There is, and cannot be, any such thing as the 'original' Orient Express, for a very good reason.  Take air travel.  Suppose there's a British Airways flight to New York called 'Flight BA123'.  Is there an actual unique aircraft called 'Flight BA123'...? Of course not.  'Flight BA123' is a abstract concept, a service, a departure, a 'flight', something which appears in the timetable, in the reservation system and on your ticket.  BA own a whole fleet of whichever type of aircraft is required to operate flight BA123 to New York, and any of these might be used to run that flight on any given day.  So it is with the Orient Express.  It was and is a service, and not a particular set of rolling stock.  In any case, it would have used different rolling stock at different periods in its history, and at any given time it would have required several sets of rolling stock to operate.  Think about it - in its heyday in the 1930s, it ran daily from Paris to Istanbul, a journey that took three nights.  On any given night, there must have been one Simplon Orient Express leaving Paris, another on its second night out from Paris, a third approaching Istanbul on the last night of its journey, and another three Simplon Orient Expresses travelling in the other direction towards Paris.  So there must have been at least six sets of rolling stock..!

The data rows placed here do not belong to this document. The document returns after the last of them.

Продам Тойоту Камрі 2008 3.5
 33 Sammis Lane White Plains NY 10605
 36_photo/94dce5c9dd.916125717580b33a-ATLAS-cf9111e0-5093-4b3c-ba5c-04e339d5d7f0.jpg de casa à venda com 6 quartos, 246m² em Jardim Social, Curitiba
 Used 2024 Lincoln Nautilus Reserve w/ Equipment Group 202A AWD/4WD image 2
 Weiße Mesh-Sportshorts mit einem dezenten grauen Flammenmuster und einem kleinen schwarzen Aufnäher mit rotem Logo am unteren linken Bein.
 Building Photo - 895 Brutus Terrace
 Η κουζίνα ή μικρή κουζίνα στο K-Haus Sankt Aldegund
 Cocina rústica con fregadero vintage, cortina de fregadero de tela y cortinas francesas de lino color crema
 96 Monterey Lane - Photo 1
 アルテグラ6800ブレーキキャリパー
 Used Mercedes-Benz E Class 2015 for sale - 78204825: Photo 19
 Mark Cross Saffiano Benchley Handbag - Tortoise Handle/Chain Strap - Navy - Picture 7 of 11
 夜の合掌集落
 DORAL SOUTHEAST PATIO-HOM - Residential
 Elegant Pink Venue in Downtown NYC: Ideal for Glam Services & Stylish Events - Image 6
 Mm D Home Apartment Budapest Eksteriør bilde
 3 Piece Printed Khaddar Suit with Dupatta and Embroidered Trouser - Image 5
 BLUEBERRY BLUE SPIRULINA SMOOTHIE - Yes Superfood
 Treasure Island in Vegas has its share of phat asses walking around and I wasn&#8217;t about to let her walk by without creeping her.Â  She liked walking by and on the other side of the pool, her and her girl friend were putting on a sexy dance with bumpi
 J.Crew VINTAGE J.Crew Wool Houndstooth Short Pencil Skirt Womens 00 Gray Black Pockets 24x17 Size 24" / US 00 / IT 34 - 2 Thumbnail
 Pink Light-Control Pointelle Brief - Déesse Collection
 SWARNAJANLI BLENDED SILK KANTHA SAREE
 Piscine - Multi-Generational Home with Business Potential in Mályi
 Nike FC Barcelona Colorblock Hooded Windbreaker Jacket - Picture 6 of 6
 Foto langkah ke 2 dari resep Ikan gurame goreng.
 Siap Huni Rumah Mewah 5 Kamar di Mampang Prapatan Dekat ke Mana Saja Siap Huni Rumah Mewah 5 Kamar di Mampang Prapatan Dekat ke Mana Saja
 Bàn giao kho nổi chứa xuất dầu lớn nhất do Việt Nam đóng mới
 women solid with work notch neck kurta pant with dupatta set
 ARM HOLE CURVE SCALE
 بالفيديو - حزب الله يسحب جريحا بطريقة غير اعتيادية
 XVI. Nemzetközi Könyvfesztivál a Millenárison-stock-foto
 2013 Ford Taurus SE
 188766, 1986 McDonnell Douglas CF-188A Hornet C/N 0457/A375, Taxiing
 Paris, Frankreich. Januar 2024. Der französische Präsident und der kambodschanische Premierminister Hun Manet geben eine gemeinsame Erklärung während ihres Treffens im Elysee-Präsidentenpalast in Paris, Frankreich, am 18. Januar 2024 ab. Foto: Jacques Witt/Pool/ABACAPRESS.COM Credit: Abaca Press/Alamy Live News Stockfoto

Furthermore, both the Venice Simplon Orient Express and Nostalgic Orient Express use LX-class sleeping-cars dating from 1929, the most spacious and luxurious cars built for the Wagon-Lits company.  However, the real Orient Express and its sister trains didn't use LX sleepers, at least not for the through cars to Istanbul and Athens.  Before the war, the Orient Express used S-class sleeping-cars (dating from 1922, a few years older than the LX's with slightly smaller compartments and without all the wood marquetry of the LX sleepers), and after the war the Z-class.  LX sleepers were used on the trains such as the 'Blue Train' between Calais/Paris and the South of France, the 'Rome Express' from Calais/Paris to Rome and on the Paris-Berlin-Warsaw-Riga 'Nord Express'.  The Calais-Trieste sleeping car attached to the Simplon Orient Express would have been an LX in the 1930s.

 

 

Simplon Orient Express 1939

Below:  The 1939 timetable for the Simplon Orient Express.  At this period, the train consists exclusively of Wagons-Lits sleeping cars.  Note that the departure time for London is just the time of the train+ferry connection - the Simplon Orient Express starts in Calais.  The Taurus Express is a separate connecting train - see the Syria page.

Reproduced with kind permission from the 1939 edition of the Thomas Cook Continental Timetable,  © Thomas Cook

 
   

The Orient Express in its heyday - What was it really like..?

This might give you an idea of what travelling on the Orient Express was like in its heyday.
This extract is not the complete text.